Previsões da Agência Internacional de Energia para 2026
A Agência Internacional de Energia (AIE), órgão vinculado à Organização para a Cooperação e Desenvolvimento Econômico (OCDE), divulgou um relatório alarmante sobre as perspectivas do consumo mundial de petróleo. Segundo a agência, o mundo consumirá menos petróleo em 2026 devido a uma forte redução na oferta provocada diretamente pelo conflito no Oriente Médio.
Os números apresentados são contundentes: o consumo mundial deve alcançar 104,26 milhões de barris por dia em média em 2026, contra 104,34 milhões em 2025. "A demanda mundial de petróleo deve recuar 80.000 barris por dia, em média, em 2026", afirmou a AIE, que no mês anterior havia previsto um crescimento de 730.000 barris diários.
Maior recuo desde a pandemia de Covid-19
No segundo trimestre deste ano, o consumo deve alcançar 102,07 milhões de barris por dia, representando uma queda prevista de 1,5 milhão em um ano.

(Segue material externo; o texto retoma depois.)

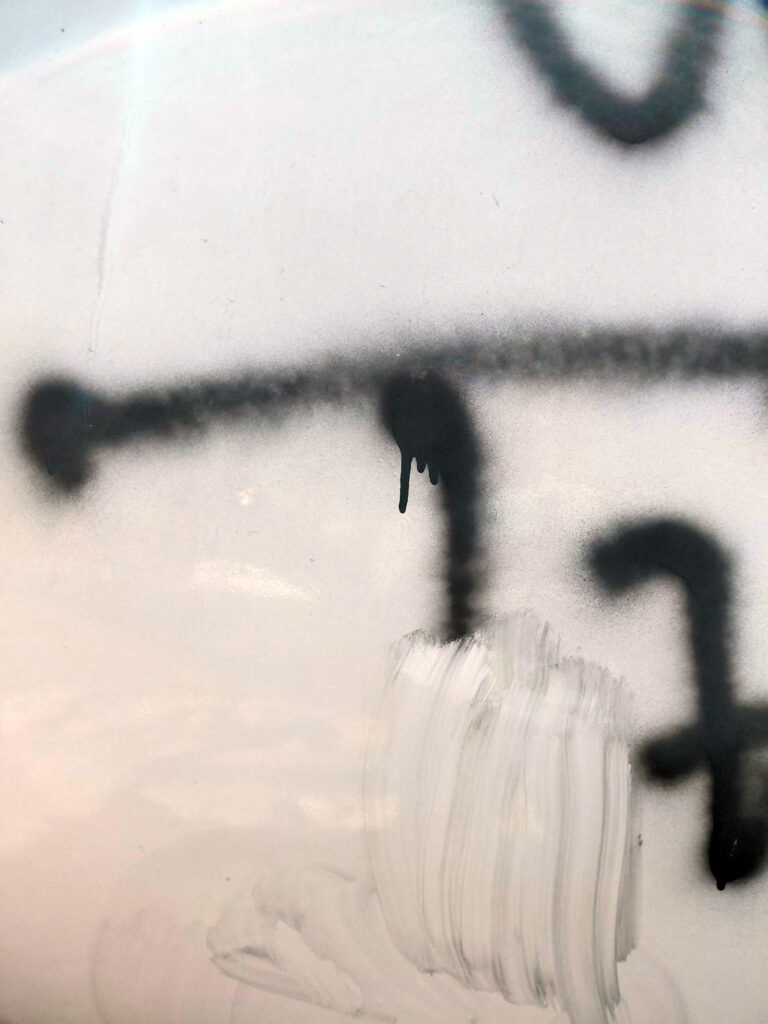 Musta spraymaali vaaleanpunaisen taideteoksen pinnalla.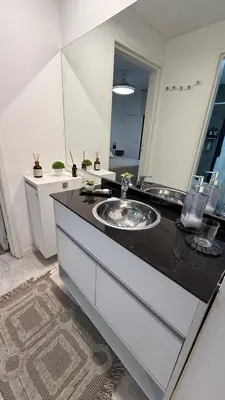 a bathroom with a sink and a large mirror at Carlos Paz-Lake Towers in Villa Carlos Paz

Este é o maior recuo observado desde que a pandemia de Covid-19 provocou a redução histórica no consumo de combustíveis em escala global.
"Inicialmente, as reduções mais marcantes do consumo de petróleo foram observadas no Oriente Médio e na Ásia-Pacífico", destacou a AIE em seu relatório, mencionando em particular os setores de combustível de aviação e gás de petróleo liquefeito (GLP), muito utilizado para cozinhar em diversas regiões.
Cenário de oferta crítica e impactos regionais
A agência advertiu que "a queda da demanda deve prosseguir enquanto persistir a escassez e o aumento dos preços", classificando a situação atual como o "choque de oferta de petróleo mais grave da história". Em março, a oferta mundial de petróleo caiu 10,1 milhões de barris por dia, chegando a apenas 97 milhões, devido principalmente a dois fatores:
- Ataques contra infraestruturas de energia no Golfo
- Restrições registradas no abastecimento de petróleo no estratégico Estreito de Ormuz
Em contraste com este cenário geral, a Rússia apresentou resultados excepcionais: as receitas do país com exportações de petróleo dobraram de fevereiro para março, passando de US$ 9,7 bilhões para US$ 19 bilhões. Este crescimento foi impulsionado pelo aumento dos preços internacionais e pelo avanço significativo nas exportações tanto de petróleo bruto quanto de produtos petrolíferos refinados.
Implicações para o mercado brasileiro e global
O bloqueio do Estreito de Ormuz, mencionado pela AIE como um dos fatores críticos, continua sendo uma preocupação central para a estabilidade dos preços de combustíveis no Brasil e em todo o mundo. Qualquer interrupção neste corredor marítimo estratégico pode pressionar ainda mais os preços do petróleo e afetar diretamente os custos de transporte e produção em diversas economias.
As declarações de Donald Trump, embora tenham causado uma queda imediata nos preços, não eliminam as incertezas estruturais que persistem no mercado energético global. A comunidade internacional permanece atenta às evoluções no Oriente Médio e seus impactos na disponibilidade e no custo desta commodity essencial para a economia mundial.